*** Working data
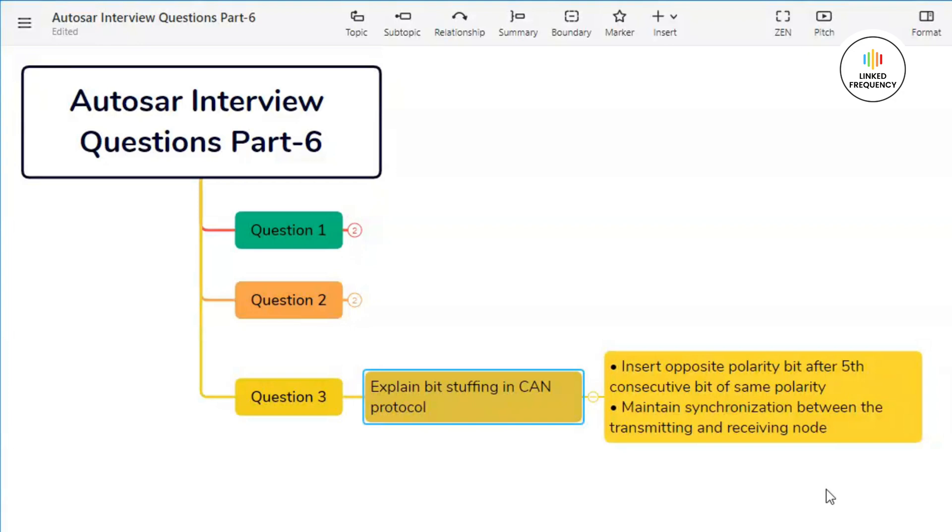Overall, bit stuffing is a technique used in CAN protocol to ensure that there are enough transitions in the data stream to maintain synchronization between the transmitting and receiving nodes. This is crucial because CAN is a non-differential bus system, meaning it relies on transitions (changing from 0 to 1 or 1 to 0) for synchronization.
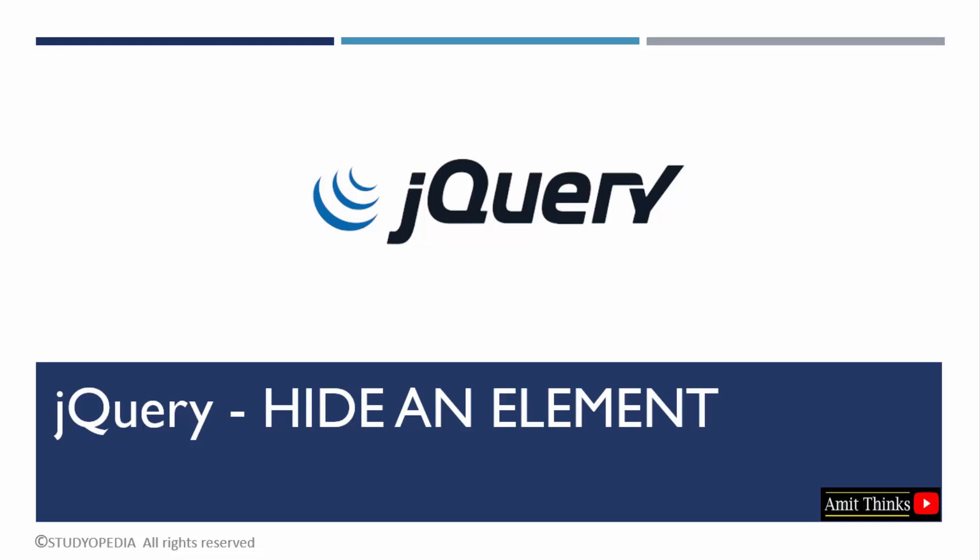In this lesson, we will learn how to hide an element in jQuery. Let's say you have a web page with multiple HTML elements and you want to hide a specific element. We can easily achieve this. Let's see how.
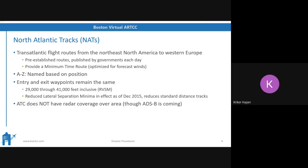They've already started implementing ADS-B in the North Atlantic, basically taking the previous separation needed and cutting it in half - which when you're talking about 60 miles makes a significant difference. They're still working on improving the system and making it more reliable.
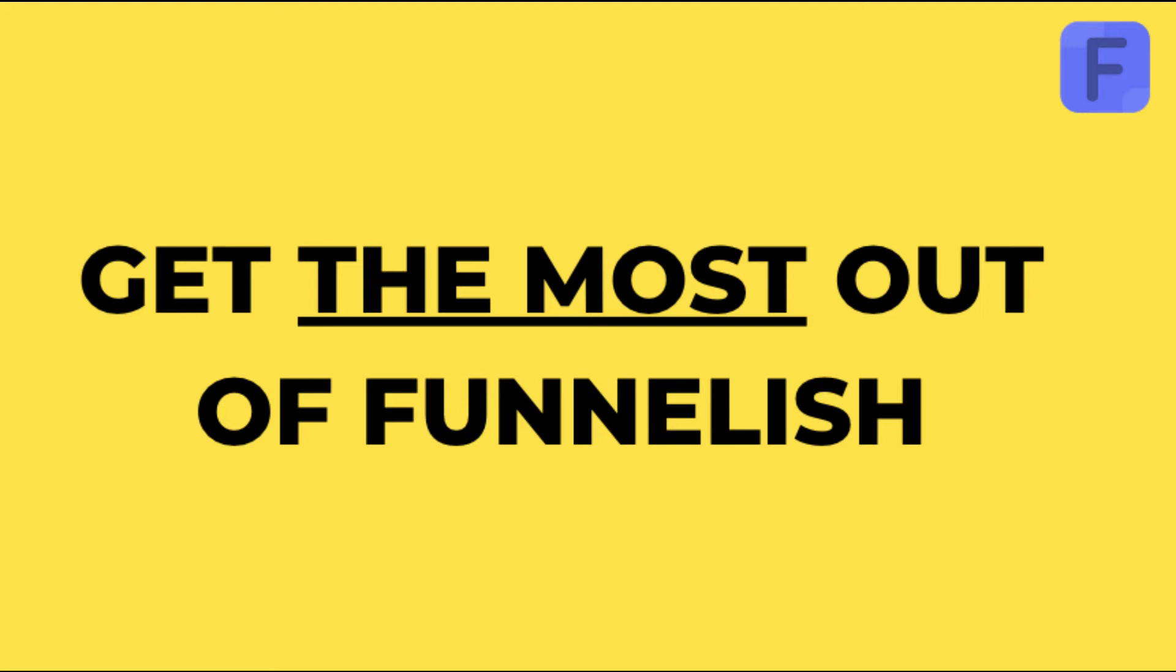Hi guys, welcome to Funnelish. My name is Taylor and today I'm going to show you how to get the most out of your Funnelish account.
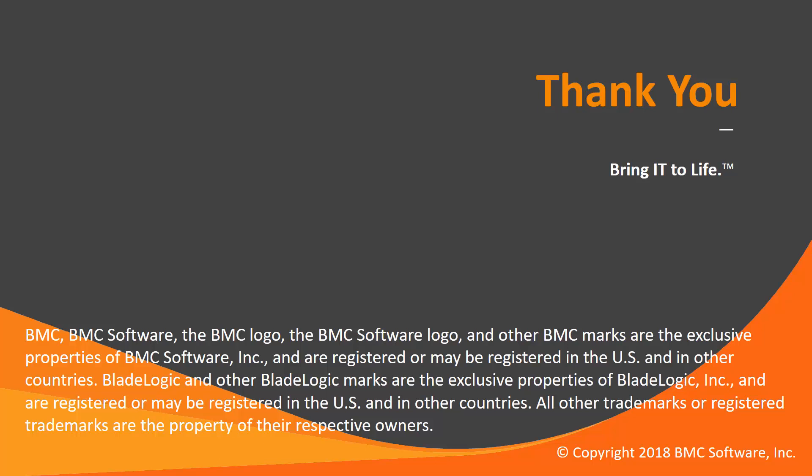Thank you for watching. This concludes this Control-M solution video. Please see our Knowledge Base and YouTube channel for more videos like this.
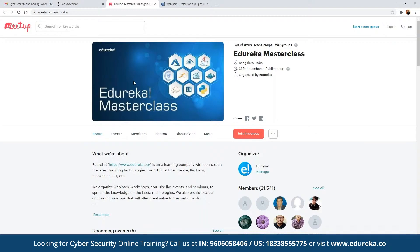Let me quickly introduce our Edrica Masterclass community. This community of masterclasses was started back in 2019 and since then we have grown to more than 30,000 members. We conduct multiple webinars and live events on different topics including blockchain, cloud computing, AML, big data, and multiple front-end and back-end development technologies. The best part is they are absolutely free. You can simply click 'Join this group' to be notified of the entire schedule planned for the month.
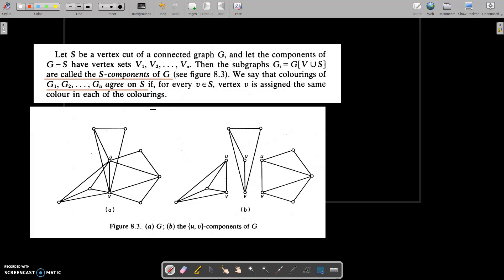Hi, welcome to today's class. In this session, we are going to define new concepts. That is S components of G. What is S components of G?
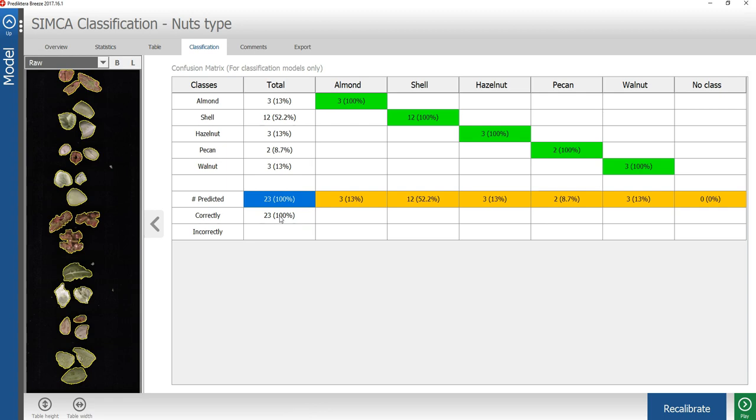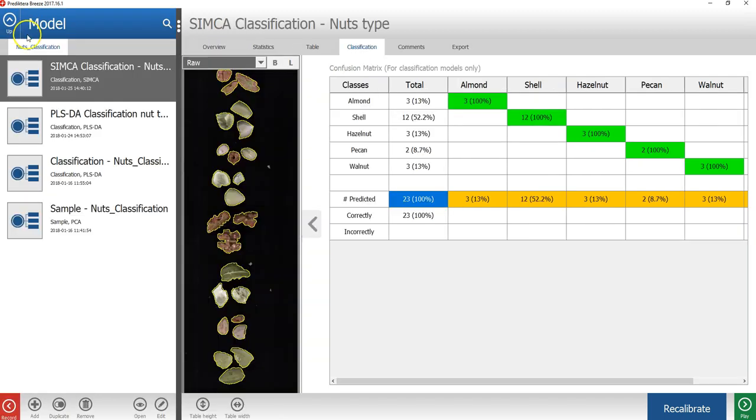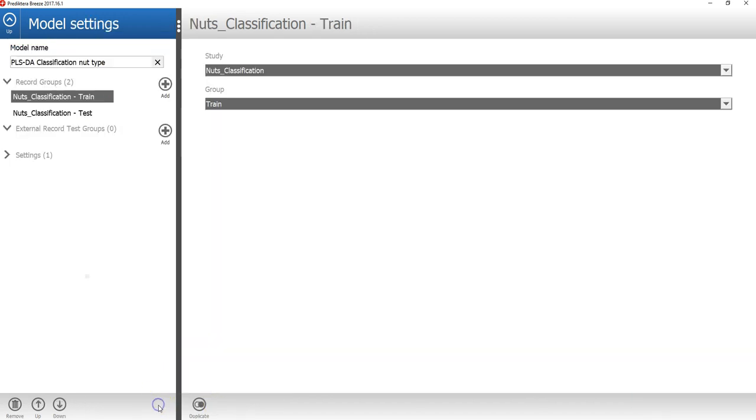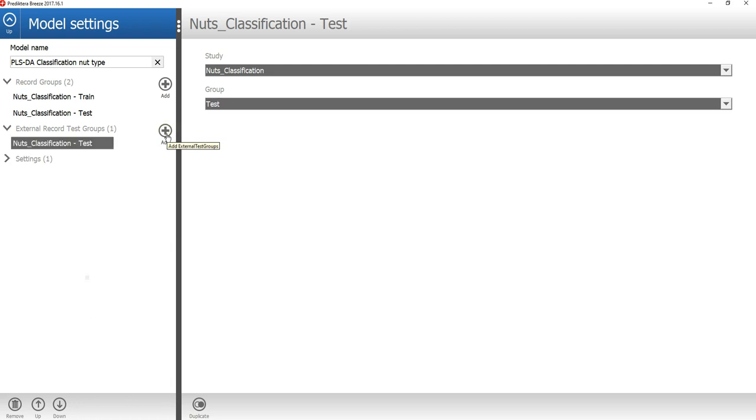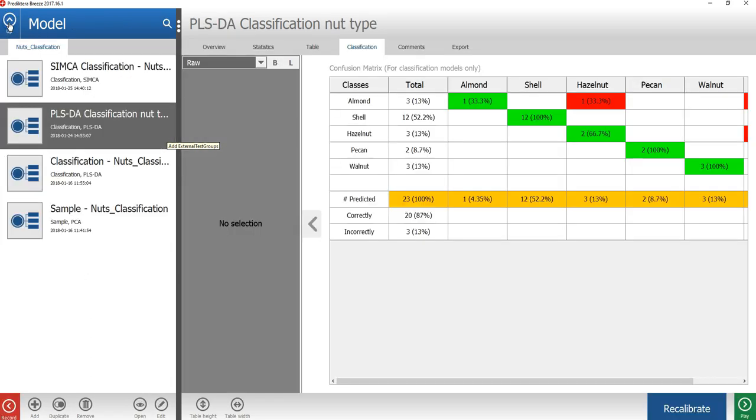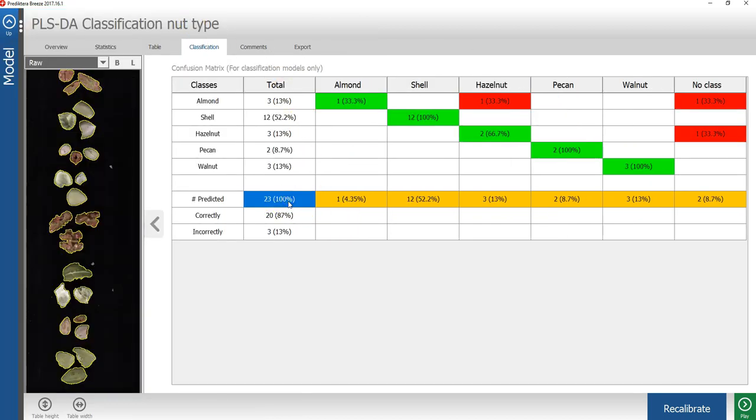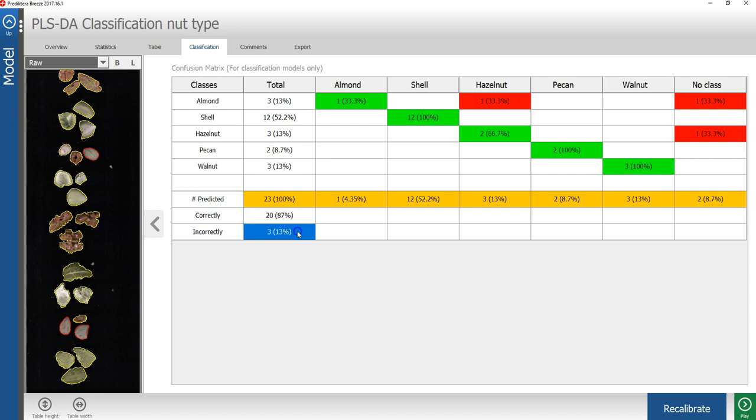Let's see how well the PLSDA model performs for the same test image. Click on the PLSDA model, go to edit, and then press add on external record test group. We can see here that of the 23 samples in the test group, 20 were correctly classified. And 3 were incorrectly classified. So in this case, it seems like the Simca method was slightly better.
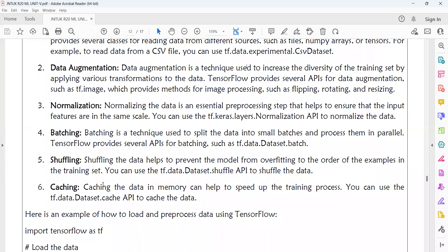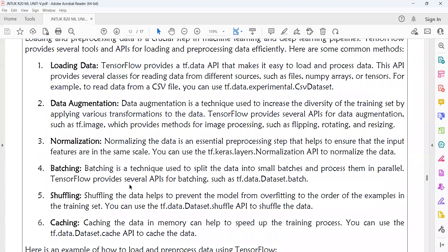Caching the data in memory can help speed up the training process, just like cache memory in computer organization speeds up data access. You can use the tf.data.dataset.cache API to cache the data, storing it in memory so that requesting data from the nearest storage is much faster than fetching from secondary storage.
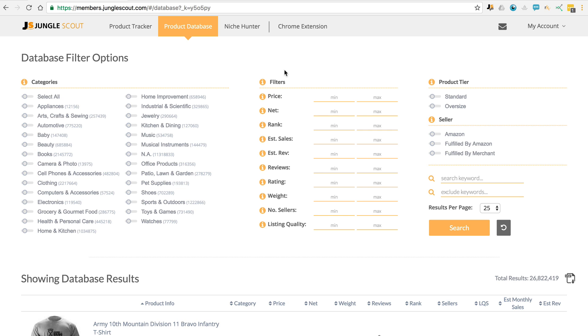Hey guys, today I wanted to run you through a quick tutorial of the product database. At its core, the product database will help you find products to sell on Amazon based on products that are already selling well.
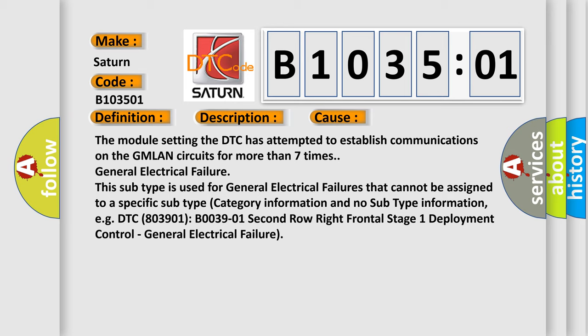This subtype is used for general electrical failures that cannot be assigned to a specific subtype category information and no subtype information. For example, DTC B003901: second row right frontal stage 1 deployment control - general electrical failure.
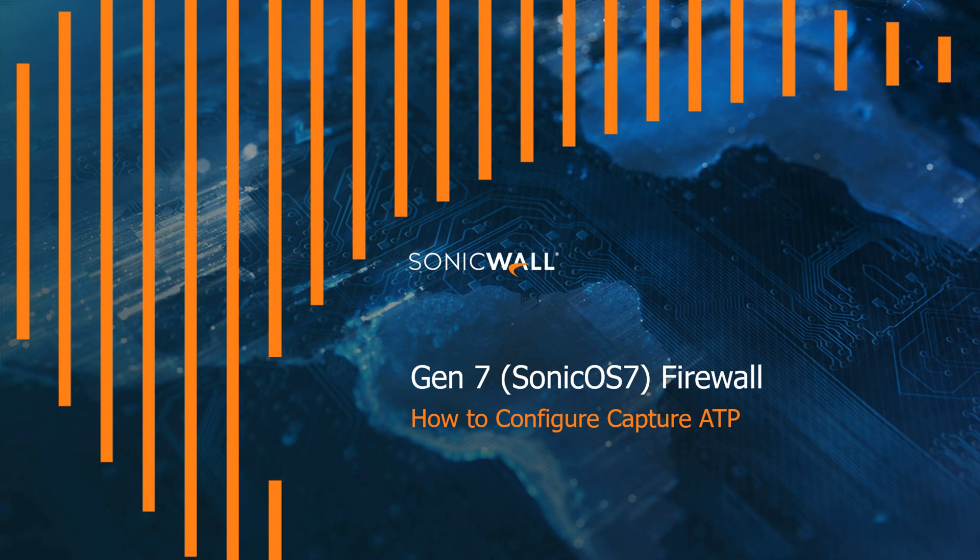Hello everyone, my name is Tim Hanson and today we're going to learn how to configure Capture ATP on a SonicWall Gen 7 Sonic OS 7 firewall.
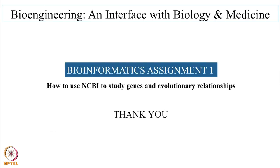This brings us to the end of the bioinformatics assignment 1. Hope this was very useful. Thank you.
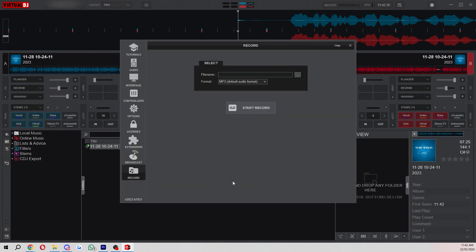Another cool feature of Virtual DJ is they allow you to record. If you wanted to record a mix or something like that you could simply choose the file name and choose where you want to save it and you can also select the format. Then choose start record and when you start playing the song it will start recording. You can end it by coming back on this page and choosing to end the recording.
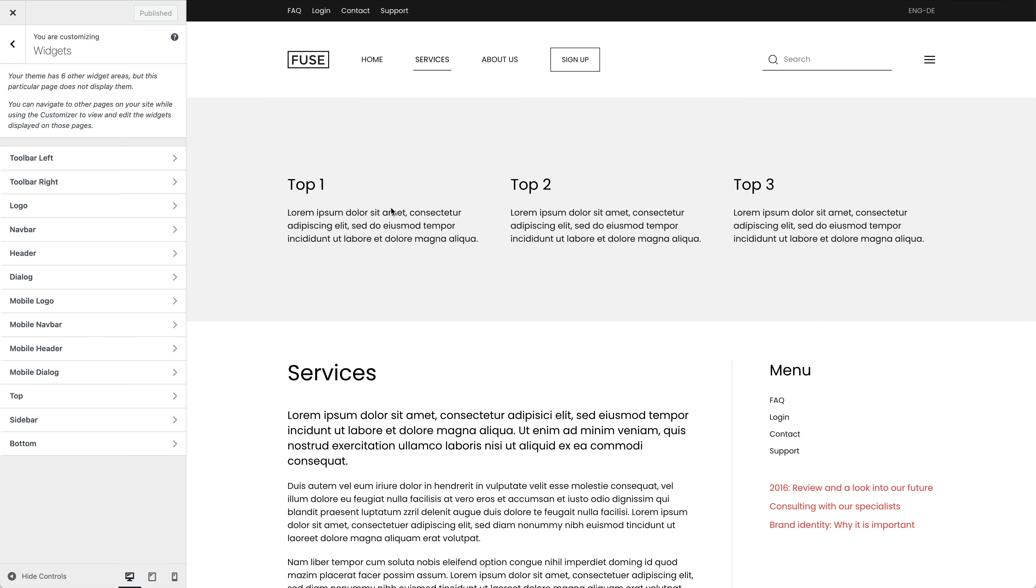Next areas publish widgets in the mobile header on small devices. These are the mobile equivalents of the header area.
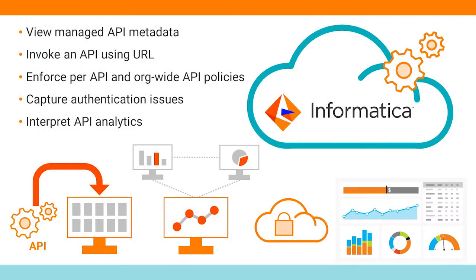This video will demonstrate how API Manager in Informatica Intelligent Cloud Services will enable you to manage APIs.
******
Exercise. Copy out, without any pictures, the lines of the records above from the one containing "Another cool feature" through the final line, both ends included.

Answer below.
Another cool feature of Virtual DJ is they allow you to record. If you wanted to record a mix or something like that you could simply choose the file name and choose where you want to save it and you can also select the format. Then choose start record and when you start playing the song it will start recording. You can end it by coming back on this page and choosing to end the recording.
Next areas publish widgets in the mobile header on small devices. These are the mobile equivalents of the header area.
This video will demonstrate how API Manager in Informatica Intelligent Cloud Services will enable you to manage APIs.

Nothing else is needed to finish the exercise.